*** Records for this task Section Begins ***

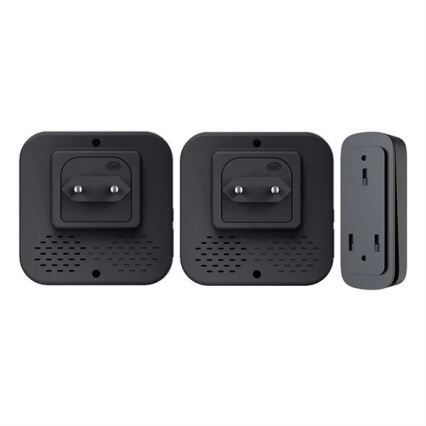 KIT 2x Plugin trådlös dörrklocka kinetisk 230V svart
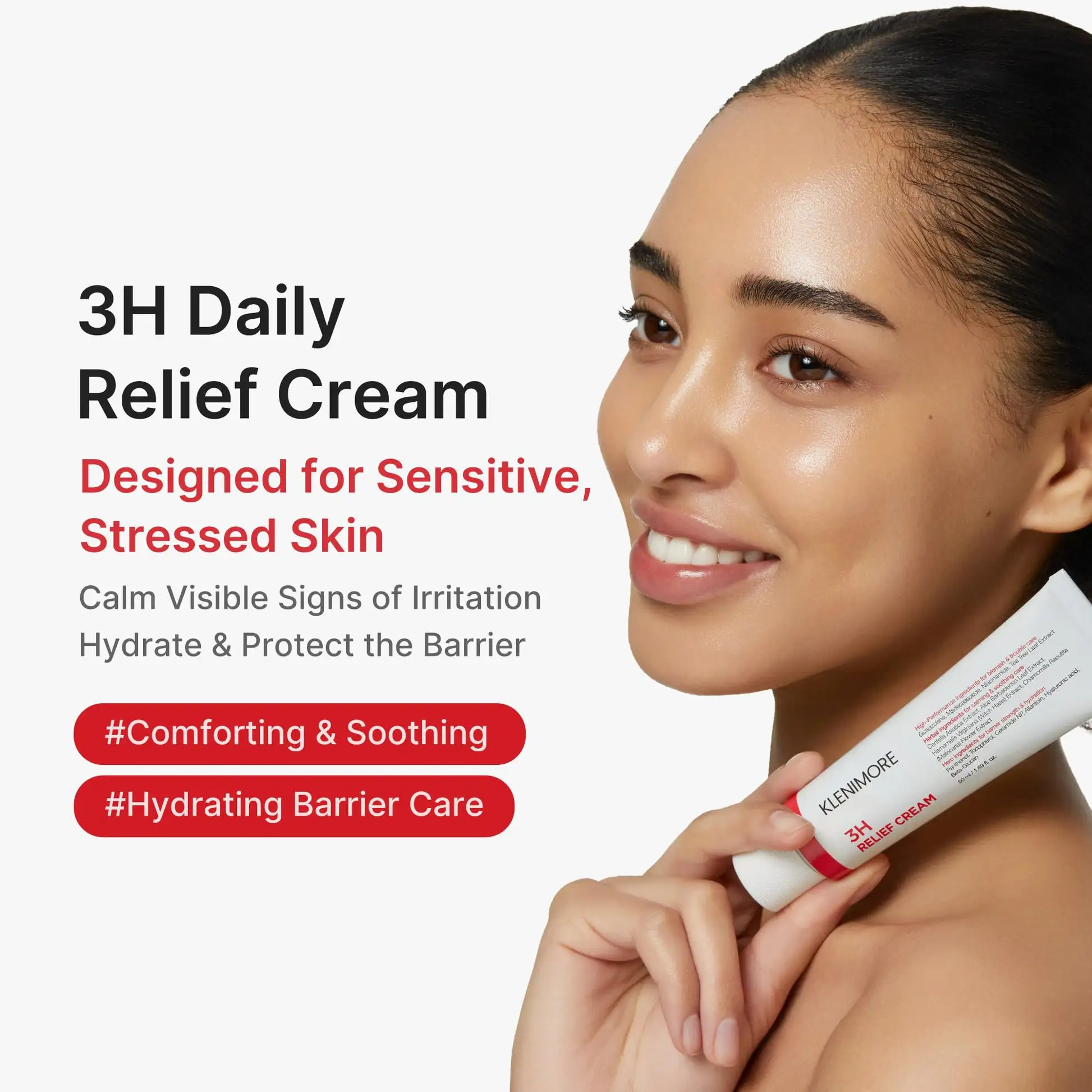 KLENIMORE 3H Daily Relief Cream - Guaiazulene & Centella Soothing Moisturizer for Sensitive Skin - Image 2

*** Records for this task Section Ends ***
*** Records for this task Section Begins ***

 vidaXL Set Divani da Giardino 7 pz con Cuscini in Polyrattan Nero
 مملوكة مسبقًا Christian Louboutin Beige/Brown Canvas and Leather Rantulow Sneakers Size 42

*** Records for this task Section Ends ***
*** Records for this task Section Begins ***

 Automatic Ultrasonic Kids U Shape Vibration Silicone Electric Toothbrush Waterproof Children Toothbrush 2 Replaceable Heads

*** Records for this task Section Ends ***

Please give again the lines above between the line holding "vidaXL Set Divani" and the line holding "مملوكة مسبقًا Christian", inclusive, exactly as they are and with nothing added.

Exercise answer:
 vidaXL Set Divani da Giardino 7 pz con Cuscini in Polyrattan Nero
 مملوكة مسبقًا Christian Louboutin Beige/Brown Canvas and Leather Rantulow Sneakers Size 42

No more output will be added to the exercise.